Under this holding, invoices are not assumed to be privileged because “they are communicated for the purpose of billing,” not for legal consultation.[7] But invoices for ongoing legal matters are privileged in their entirety, because they have an additional purpose—legal representation—that may be compromised if publicly disclosed.[8] These billing records could contain fees “show[ing] a sudden uptick in spending” which might reveal “an impeding filing or outsize concern about a recent event,” thereby divulging the legal consultation protected by the attorney-client privilege.[9] In contrast, billing records for completed legal work “do[] not always reveal the substance of legal consultation” because this privileged information is more difficult to infer outside the context of ongoing litigation.[10]

This decision denotes a shift in California case law, which has not typically required the production of invoices, towards federal court precedent.[11] Indeed, the Court’s analysis is similar to Ninth Circuit precedent holding that information “reveal[ing] the motive of the client in seeking representation, litigation strategy, or the specific nature of services provided” is privileged, even if contained in “bills, ledgers, statements, [or] time records . . . .”[12] The Ninth Circuit does not appear, however, to have a blanket rule preventing the disclosure of invoices for ongoing legal matters.[13]

This case has clear implications for public agencies and their counsel, who should craft billing records with future publication via the PRA in mind. Without careful attention to tailoring narratives included in billing records, agency counsel are at risk of divulging roadmaps of their legal strategies to adversaries who submit PRA requests for past billing. It remains to be seen how this decision will impact private litigants, but the Court’s analysis of the California statutes that establish the state’s attorney-client privilege opens the door to discovery disputes over past billing records.[14]

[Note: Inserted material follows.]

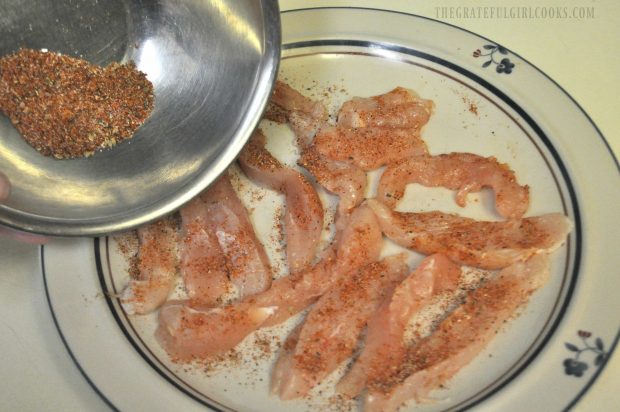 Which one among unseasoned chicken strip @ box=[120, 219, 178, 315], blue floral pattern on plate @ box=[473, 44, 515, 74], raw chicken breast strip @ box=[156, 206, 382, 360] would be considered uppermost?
blue floral pattern on plate @ box=[473, 44, 515, 74]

SEC Asserts that Federal Rules Trump State Privileges

The second case, pending in the federal court in San Francisco, Wadler v. Bio-Rad Labs., Inc., concerns a dispute between the plaintiff, a former general counsel who later acted as a whistleblower for possible Foreign Corrupt Practices Act (“FCPA”) violations, and his former employer. The former general counsel claimed he was fired for being a whistleblower, while his former employer contended he was fired for poor temperament and incompetence.[15] The federal magistrate judge allowed the plaintiff to use at trial communications protected by the attorney-client privilege in support of his claim for wrongful retaliation.[16]

The court avoided creating a bright-line rule governing the use of privileged information that is reasonably necessary to prove a claim or defense in a whistleblower retaliation lawsuit. Instead, the court supported a case-by-case analysis balancing Congress’ intent to encourage and protect whistleblowers against clients’ privacy interests.[17] Of particular concern was the magistrate judge’s finding that, at least in this case, the Sarbanes-Oxley Act (“SOX”) pre-empts California’s rules regarding attorney-client privilege. Perhaps more alarmingly, the Securities and Exchange Commission (“SEC”), which was not a party to the case, submitted an amicus brief on behalf of the former general counsel taking the broad view that rules the SEC promulgated pursuant to SOX always pre-empt conflicting state-based attorney ethics rules prohibiting an attorney from revealing a client’s privileged or confidential information.

While it remains to be seen whether other courts will follow the ruling in Wadler v. Bio-Rad Labs., Inc. or the SEC’s expansive view on the subject, the ruling and the SEC’s position create a significant risk to clients that privilege will be cast aside when an attorney alleges whistleblower retaliation under SOX.

Conclusion

Both L.A. Cnty. Bd. of Supervisors v. Superior Court and Wadler v. Bio-Rad Labs., Inc. signal that clients and their counsel should re-assess whether certain of their communications are privileged and will remain so. Changes in circumstance—whether the end of an actively litigated matter or an attorney who becomes a whistleblower—may cause a once-privileged communication to lose that privilege. Accordingly, a new level of caution may be required in billing practices and communication with in-house counsel.